I do not understand the eagerness to cede strong individual rights of expression to faceless institutions. Do you expect these institutions to be on your side? They will happily shut you up, permanently, the moment they do not like what you have to say.
As the other poster said, our right to speech is not something a corporation needs to abide by, it's something the government needs to abide by (at least in the US).
I see your point below about basically that we should have a more expansive view of the Right than the scope of its actual legal application, and, while I think it has merit, I ultimately think it's just a normative view that most of us simply don't share.
If I don't like Twitter's policies, I won't use Twitter (I already don't, and would be even less inclined if someone like Musk owned it).

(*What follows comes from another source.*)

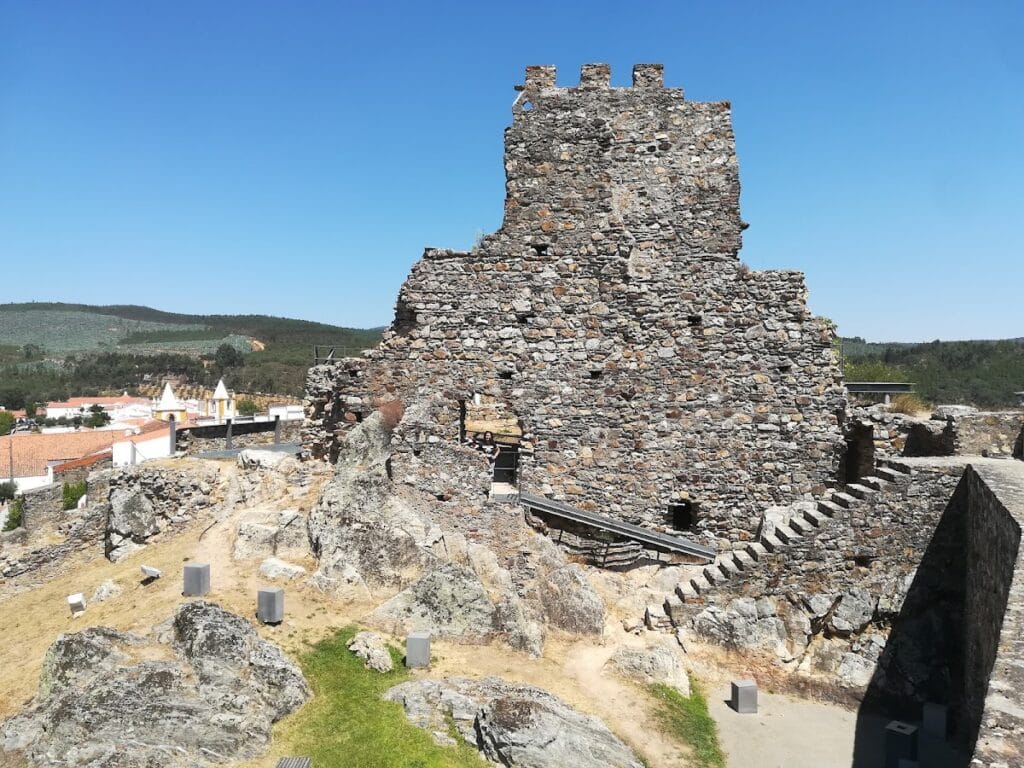 Castle of Alegrete: A Medieval Portuguese Fortress 4 Castle of Alegrete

Not to mention it's not clear that Twitter is even censoring speech--there is plenty of garbage on Twitter. The notion it's even an example of censorship is laughable, actually.
Censored data presents a selection bias issue, but from what I can tell, Twitter's censorship seems to have little rhyme or reason. It is neither effective at suppressing lies and propaganda, nor effective at permitting reasonable discourse that falls afoul of some mob's opinion.
They still have every right to do it, but I'd be more interested in the merits of censorship if there was any institution that seemed to be doing a half-decent job of it.
I do not think that social media platforms should be obligated to publish anything any individual wants published on them, and I do not think they should be legislated into a particular attitude toward speech. But a permissive default attitude with limited restrictions seems preferable to me, and such an attitude amounts to a policy of free speech in a facially obvious sense.